Artist and teacher Kiko Denzer shares his thoughts on spoons, and so much more.

Everybody eats, everybody uses a spoon. Many people have favorite spoons. What makes one spoon different than the rest? Why does he like this one, and she like that one?

A handmade wooden spoon from Haiti

A handmade wooden spoon from Haiti.

In our first workshop Greg Kreibel described a favorite cooking spoon (see photo) that he’d bought cheap from an “import plaza,” w/a tag that said “made in Haiti.” He said (roughly) that “it’s our favorite spoon: we’ve had it forever, it was cheap, handmade, and we use it for everything.”

An offhand comment? Perhaps, but it means so much: “our favorite spoon” says (to me) “our most valuable spoon.” Where does such value come from? Does it come from a famous name artist? A sky-high price tag? Exceptional rarity? NO! In fact, it comes from exactly the opposites of those things: it’s cheap and common — just another spoon in an import store, hand-made, yes, but by an anonymous person just trying to make a living — someone probably more like us than different.

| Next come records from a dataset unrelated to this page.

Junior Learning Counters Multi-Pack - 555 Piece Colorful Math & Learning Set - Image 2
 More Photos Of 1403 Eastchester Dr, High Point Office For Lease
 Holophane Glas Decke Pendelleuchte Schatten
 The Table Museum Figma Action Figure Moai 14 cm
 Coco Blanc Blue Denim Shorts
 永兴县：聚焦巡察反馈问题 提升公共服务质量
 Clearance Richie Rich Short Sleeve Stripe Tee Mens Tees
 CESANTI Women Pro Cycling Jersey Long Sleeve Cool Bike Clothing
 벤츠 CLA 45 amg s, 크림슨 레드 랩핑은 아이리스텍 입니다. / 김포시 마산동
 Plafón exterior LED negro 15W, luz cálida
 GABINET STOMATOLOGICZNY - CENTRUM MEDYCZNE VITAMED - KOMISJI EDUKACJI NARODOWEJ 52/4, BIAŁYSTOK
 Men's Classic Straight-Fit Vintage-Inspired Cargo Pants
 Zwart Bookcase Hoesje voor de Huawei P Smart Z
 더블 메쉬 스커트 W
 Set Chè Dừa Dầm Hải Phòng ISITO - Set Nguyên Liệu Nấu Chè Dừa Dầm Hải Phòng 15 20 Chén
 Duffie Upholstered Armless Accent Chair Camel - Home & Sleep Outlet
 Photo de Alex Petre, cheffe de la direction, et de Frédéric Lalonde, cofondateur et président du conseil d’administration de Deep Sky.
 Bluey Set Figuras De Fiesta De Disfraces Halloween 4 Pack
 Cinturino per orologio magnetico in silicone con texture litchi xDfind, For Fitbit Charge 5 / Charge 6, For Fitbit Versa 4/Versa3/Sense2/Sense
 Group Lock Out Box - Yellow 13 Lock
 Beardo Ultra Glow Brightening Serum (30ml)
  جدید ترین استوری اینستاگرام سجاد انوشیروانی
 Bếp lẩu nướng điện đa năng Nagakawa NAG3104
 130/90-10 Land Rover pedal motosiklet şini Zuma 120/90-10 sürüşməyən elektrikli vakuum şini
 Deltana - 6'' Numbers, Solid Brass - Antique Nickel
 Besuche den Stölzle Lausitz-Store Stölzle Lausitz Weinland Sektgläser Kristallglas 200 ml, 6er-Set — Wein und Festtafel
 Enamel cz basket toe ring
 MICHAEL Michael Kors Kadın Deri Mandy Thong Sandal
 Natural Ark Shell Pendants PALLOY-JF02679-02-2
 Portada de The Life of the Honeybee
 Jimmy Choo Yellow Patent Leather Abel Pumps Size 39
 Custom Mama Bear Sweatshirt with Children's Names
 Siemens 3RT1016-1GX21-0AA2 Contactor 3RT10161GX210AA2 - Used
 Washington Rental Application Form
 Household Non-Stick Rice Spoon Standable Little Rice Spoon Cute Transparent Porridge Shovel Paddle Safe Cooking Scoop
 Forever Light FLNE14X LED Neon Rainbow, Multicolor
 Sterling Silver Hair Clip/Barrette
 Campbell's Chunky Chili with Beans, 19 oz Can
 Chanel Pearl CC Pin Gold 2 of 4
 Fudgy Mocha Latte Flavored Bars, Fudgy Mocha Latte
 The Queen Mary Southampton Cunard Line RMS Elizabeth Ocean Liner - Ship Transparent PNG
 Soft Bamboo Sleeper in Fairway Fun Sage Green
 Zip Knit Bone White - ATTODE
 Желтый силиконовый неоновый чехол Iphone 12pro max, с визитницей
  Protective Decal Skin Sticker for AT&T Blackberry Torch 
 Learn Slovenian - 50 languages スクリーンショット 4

Second, it’s useful for everything; it doesn’t just hang on the wall. And everyone likes it. It was a completely spontaneous comment about what constitutes value, which is not dollars, but love, longevity, and connection.

These basic values underly all value; without them — without spoons to eat with, and things to eat; without flowers and the bees that pollinate the fruit; without worms to feed the roots of the grass that feeds the cow, that feeds us —  without such small, daily beauty — we would live lives of terrible poverty. Or we would not live at all…

We understand this only by participating in it — by growing and eating food, building our houses, and carving our spoons and bowls — for ourselves, and for others — because one can’t participate alone — because beauty, skill, and knowledge must all be passed on, from eye to hand, from hand to heart, to anothers’ hand — from parent to child and from teacher to student. And while we may all eat with our own individual, private spoons, we all ultimately take our nourishment from one vessel, shaped out of earth, cooked by the heat of the sun, cooled by the breezes, and celebrated as part of a shared story…

These are the roots of culture. So a spoon begins with a tree, and the tree takes us back into a garden that we share with all creation.

Kiko Denzer

Charlene and Kiko at the recent spoon carving class

Charlene and Kiko at the spoon carving class.

Richard and I first met Kiko at an earth oven workshop he was leading in the Corvallis area 12 years ago.  A year after that, Kiko led a Slow Food Workshop here at Nana Cardoon, where we built our earth oven.

Since then Kiko and I usually attend The Grain Gathering Conference, held annually at the Mount Vernon Extension of WSU.  It was there we started talking about presenting a spoon carving class here on the farm as part of our focus on traditional and artisan cooking tools.

Kiko is an artist above all, in philosophy, in sculpture, and in how he lives life.  We have enjoyed being with him and his family on several occasions.

He is a treasure on so many levels, and the opportunity to work with him personally is a true gift.